About this task:
Reproduce only the lines below from the line containing "120 Sqm Loft-style Royal Marina Apartment *" to the line containing "Dakar 2023, i", exactly as written, with both end lines kept. Omit the pictures.

Records for processing:
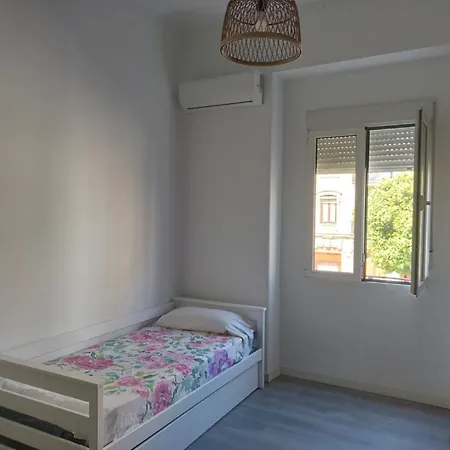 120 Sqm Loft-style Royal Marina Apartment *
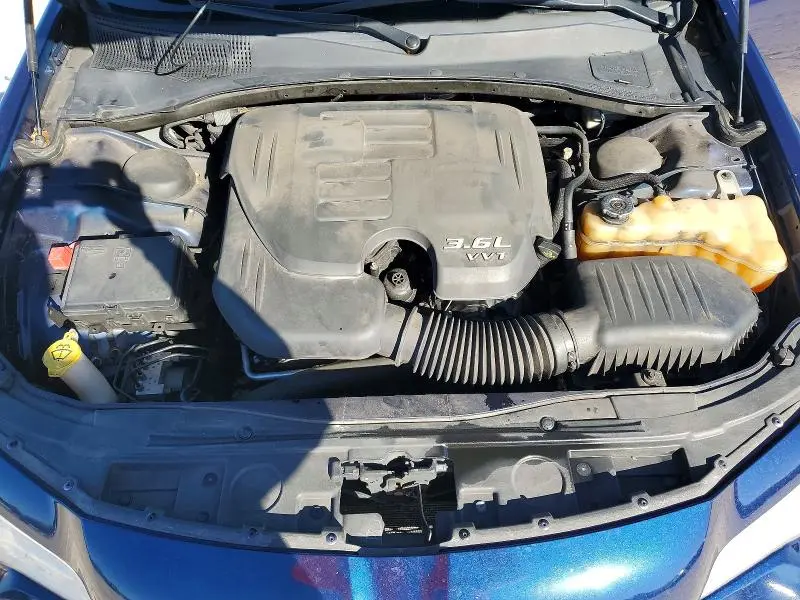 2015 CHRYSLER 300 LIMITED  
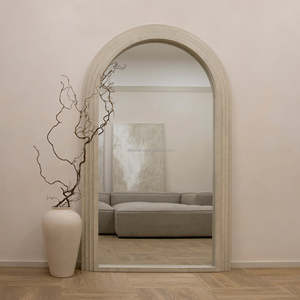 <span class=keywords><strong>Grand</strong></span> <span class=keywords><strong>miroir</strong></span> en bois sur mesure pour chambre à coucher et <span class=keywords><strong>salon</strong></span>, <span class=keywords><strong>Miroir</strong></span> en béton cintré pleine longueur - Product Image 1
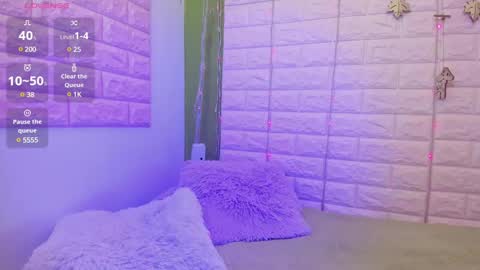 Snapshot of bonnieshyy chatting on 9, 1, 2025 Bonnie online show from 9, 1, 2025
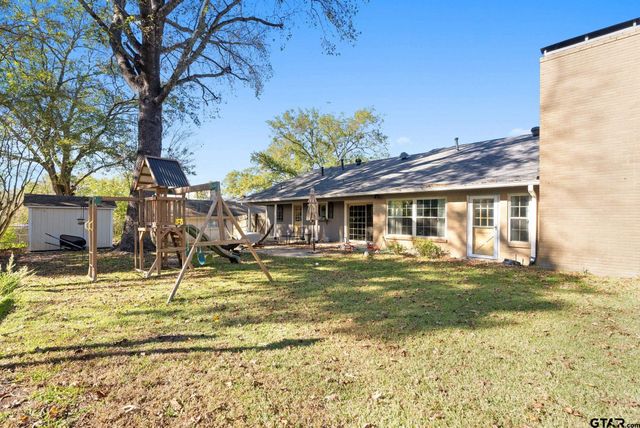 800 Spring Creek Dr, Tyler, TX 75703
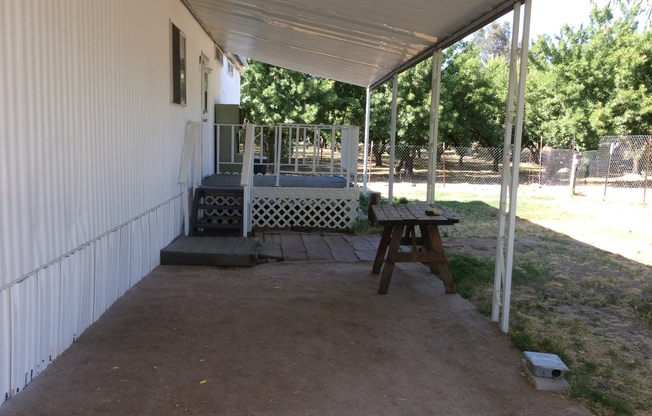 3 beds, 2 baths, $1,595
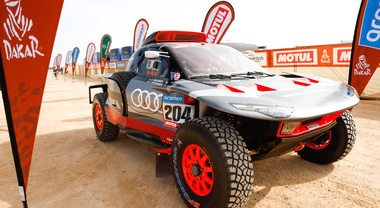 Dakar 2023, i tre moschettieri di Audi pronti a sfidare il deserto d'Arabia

--

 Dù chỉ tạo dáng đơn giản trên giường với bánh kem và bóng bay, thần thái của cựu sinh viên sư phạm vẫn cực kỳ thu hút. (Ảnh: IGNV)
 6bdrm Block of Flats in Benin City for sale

--

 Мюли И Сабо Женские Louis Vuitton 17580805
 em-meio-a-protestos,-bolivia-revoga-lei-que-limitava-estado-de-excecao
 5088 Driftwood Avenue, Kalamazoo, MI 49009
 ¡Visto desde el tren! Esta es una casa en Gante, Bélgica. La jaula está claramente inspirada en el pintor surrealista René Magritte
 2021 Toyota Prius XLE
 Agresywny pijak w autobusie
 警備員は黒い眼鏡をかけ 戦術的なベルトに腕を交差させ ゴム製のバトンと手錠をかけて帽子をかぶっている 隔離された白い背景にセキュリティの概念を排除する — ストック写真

Response to this task:
 120 Sqm Loft-style Royal Marina Apartment *
 2015 CHRYSLER 300 LIMITED  
 <span class=keywords><strong>Grand</strong></span> <span class=keywords><strong>miroir</strong></span> en bois sur mesure pour chambre à coucher et <span class=keywords><strong>salon</strong></span>, <span class=keywords><strong>Miroir</strong></span> en béton cintré pleine longueur - Product Image 1
 Snapshot of bonnieshyy chatting on 9, 1, 2025 Bonnie online show from 9, 1, 2025
 800 Spring Creek Dr, Tyler, TX 75703
 3 beds, 2 baths, $1,595
 Dakar 2023, i tre moschettieri di Audi pronti a sfidare il deserto d'Arabia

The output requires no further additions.